Not necessarily. The "benign" form is typically unilateral and seen in older patients, whereas the "malignant" form is usually bilateral, more aggressive, and seen in younger patients.

4. Can I wear contact lenses with Mooren’s ulcer?
Generally, no. Contact lenses can exacerbate the ulceration and increase the risk of secondary infection. They should only be used under strict supervision as "bandage" lenses.

5. Is there a genetic component to Mooren’s ulcer?
While not strictly hereditary, there is evidence of an association with specific HLA (Human Leukocyte Antigen) types, suggesting a genetic predisposition to the autoimmune response.

6. What is the role of conjunctival resection?
The conjunctiva adjacent to the ulcer is the source of the inflammatory cells and MMPs. Removing this tissue (the "conjunctival flap") helps halt the chemical signaling that promotes corneal melting.

7. How long does the treatment last?
Treatment is often required for months or even years. Because it is an autoimmune condition, tapering immunosuppressants too quickly often results in a rebound of the ulceration.

8. Can Mooren’s ulcer cause blindness?
Yes. Without treatment, the ulcer can progress to central corneal perforation, endophthalmitis, or phthisis bulbi (shrunken eye), leading to total vision loss.

9. Are there any dietary changes that help?
There is no specific diet for Mooren’s ulcer, but maintaining a healthy inflammatory profile through a balanced diet (high in Omega-3 fatty acids) is generally advised for all autoimmune conditions.

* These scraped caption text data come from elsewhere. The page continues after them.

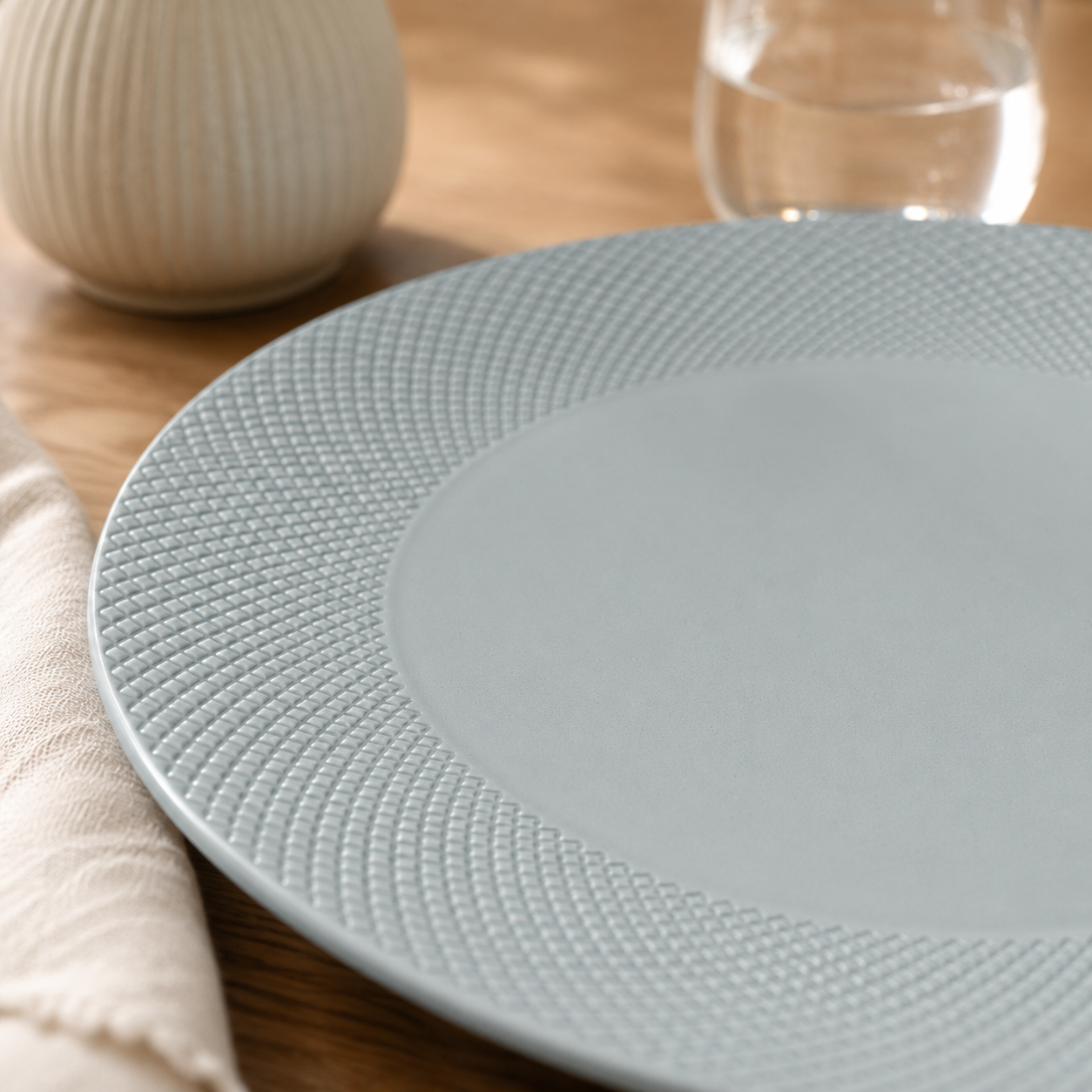 Dinner Plate Trilliant Duck Egg Blue 28 cm 4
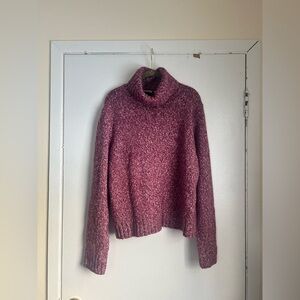 Fieldgear Marbled Pink Turtleneck Sweater Size XL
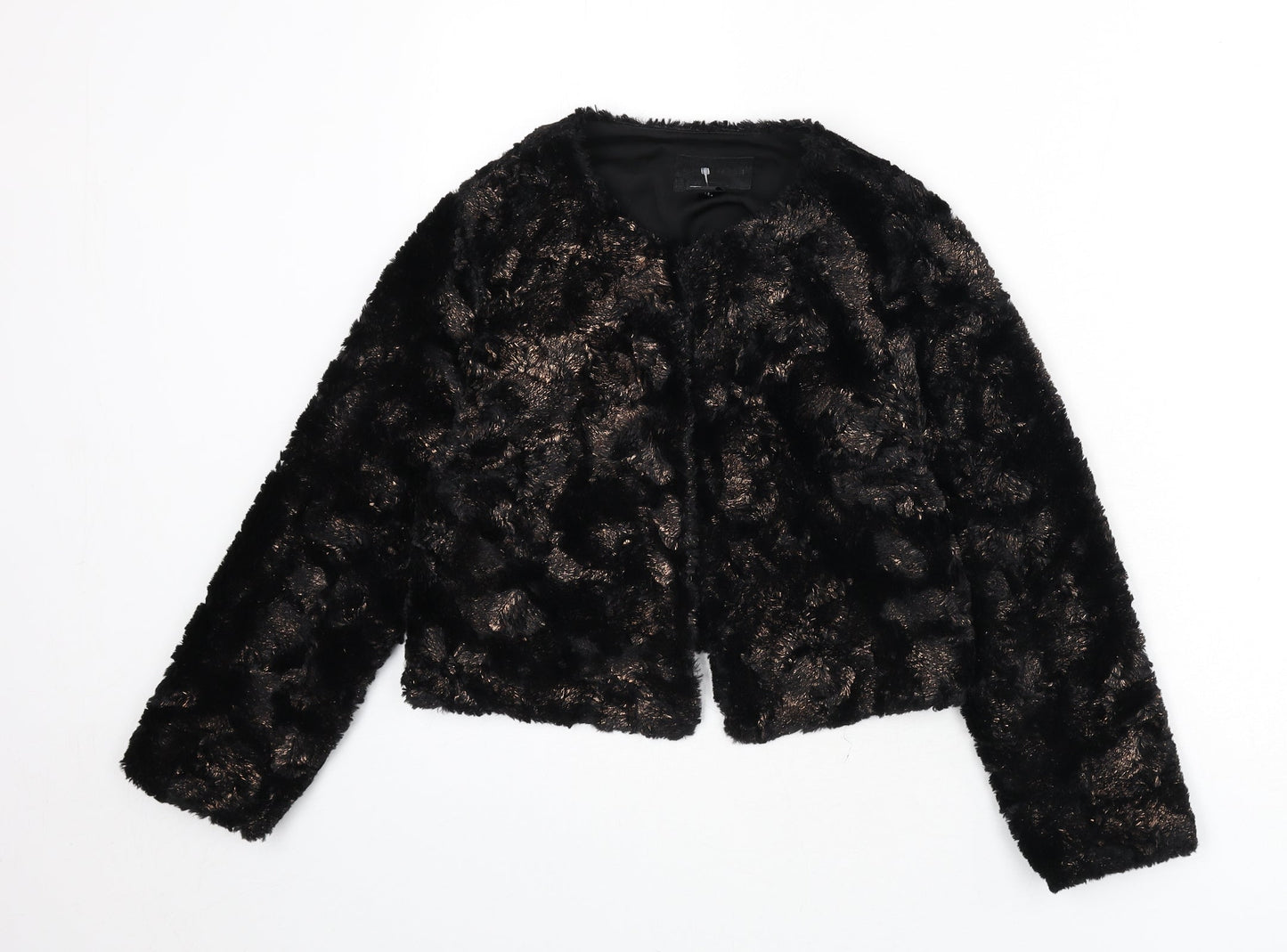 H&M Womens Black Jacket Size 8 Hook & Eye - Bolero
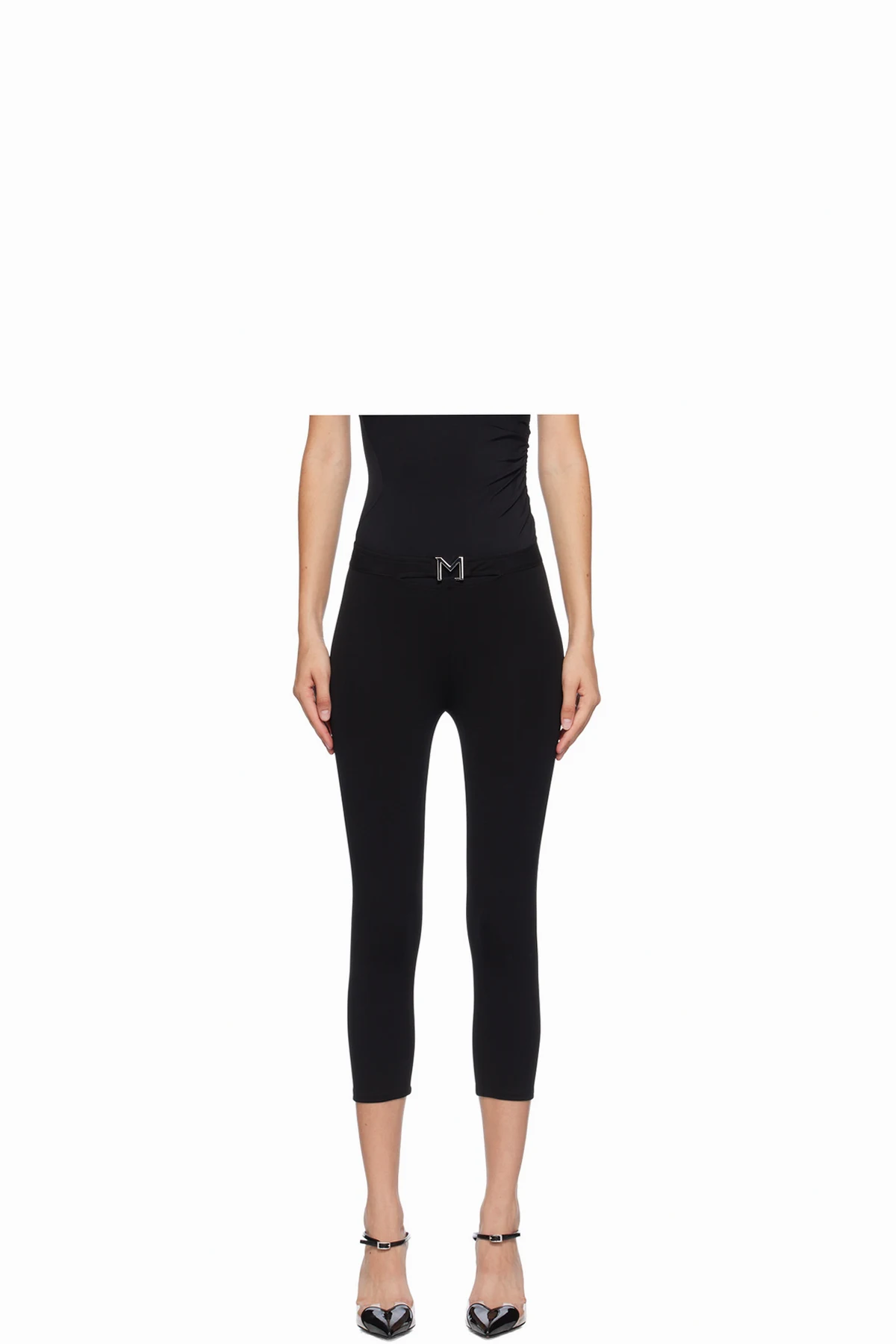 Black M Capri Trousers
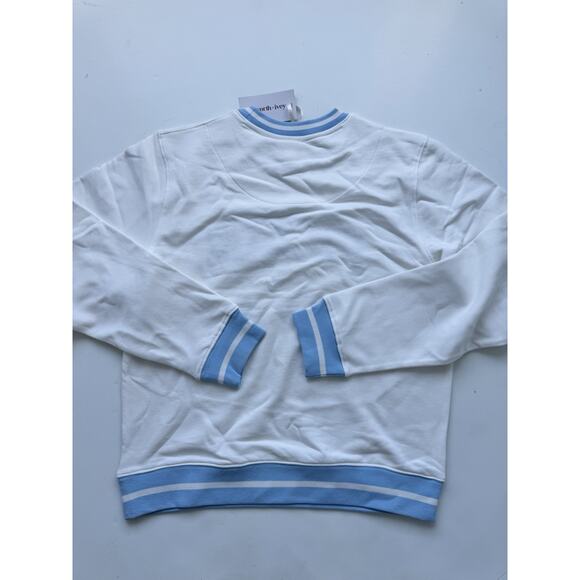 Ellsworth+Ivey Womens Varsity Pickle Sweatshirt-Ivory-Medium - Picture 2 of 5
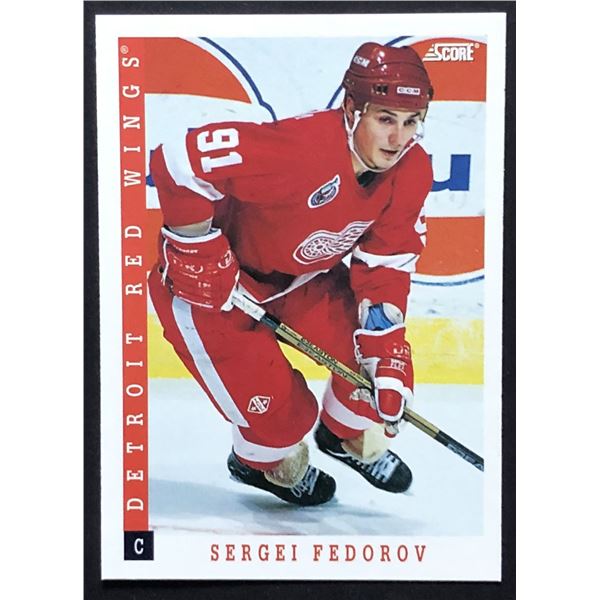 1993-94 SCORE Sergei Federov  (HOF)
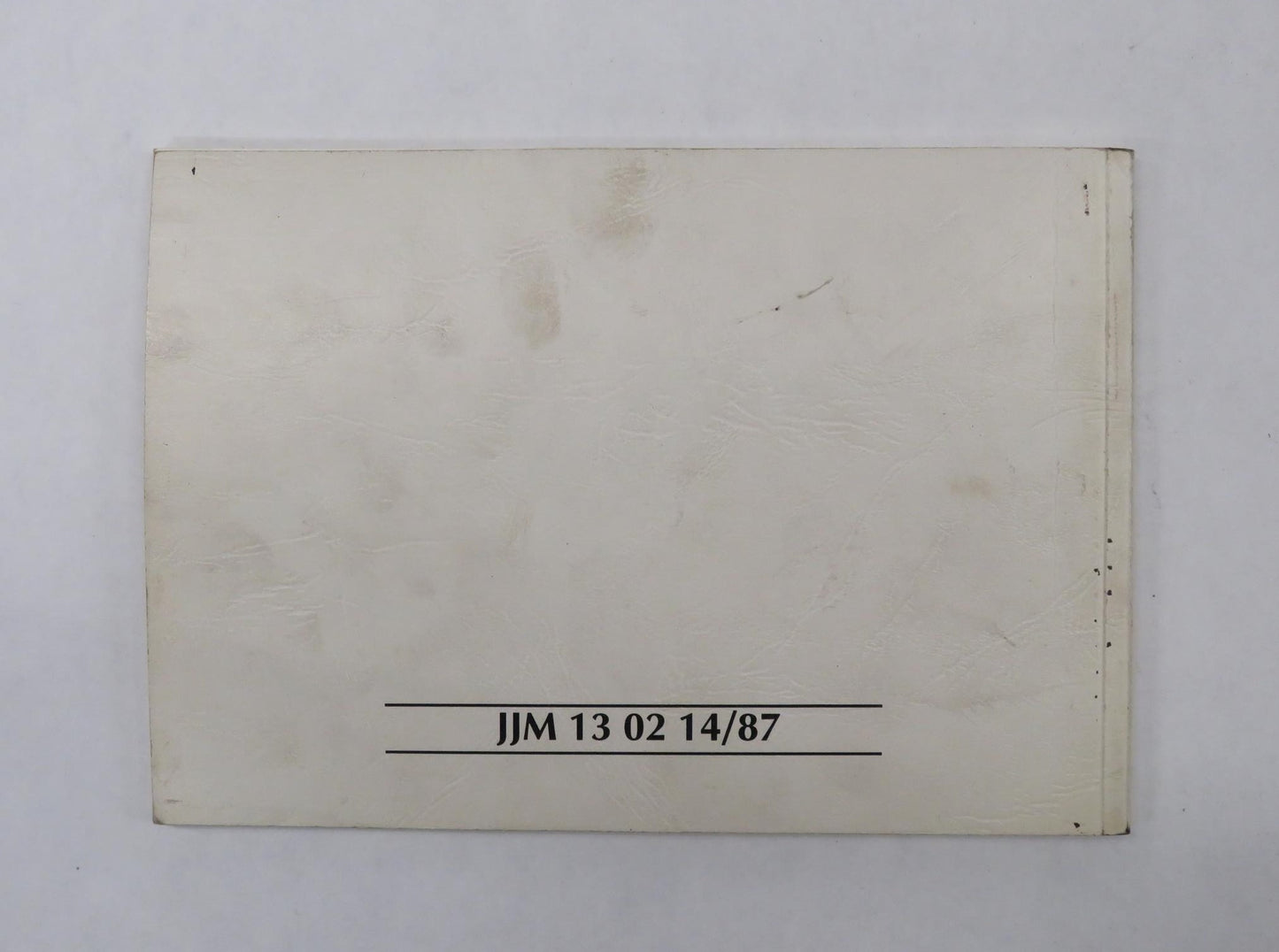 Jaguar X100 Series XK8 Bedienungsanleitung User Manual JJM130214/87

10. Why is this called "Mooren's" ulcer?
It is named after the German ophthalmologist Albert Mooren, who first described the clinical characteristics of the condition in the 19th century.

8. Conclusion

Mooren’s ulcer remains one of the most challenging diagnoses in clinical ophthalmology. Its relentless, erosive nature requires a high index of suspicion from the primary eye care provider. By understanding the pathophysiology—specifically the role of MMPs and the autoimmune nature of the disease—clinicians can move beyond symptomatic treatment and implement effective, systemic immunosuppressive strategies. Early intervention remains the gold standard for preserving ocular integrity and visual function. Patients must be counseled on the chronic nature of the condition and the necessity of long-term adherence to therapeutic protocols to prevent catastrophic outcomes.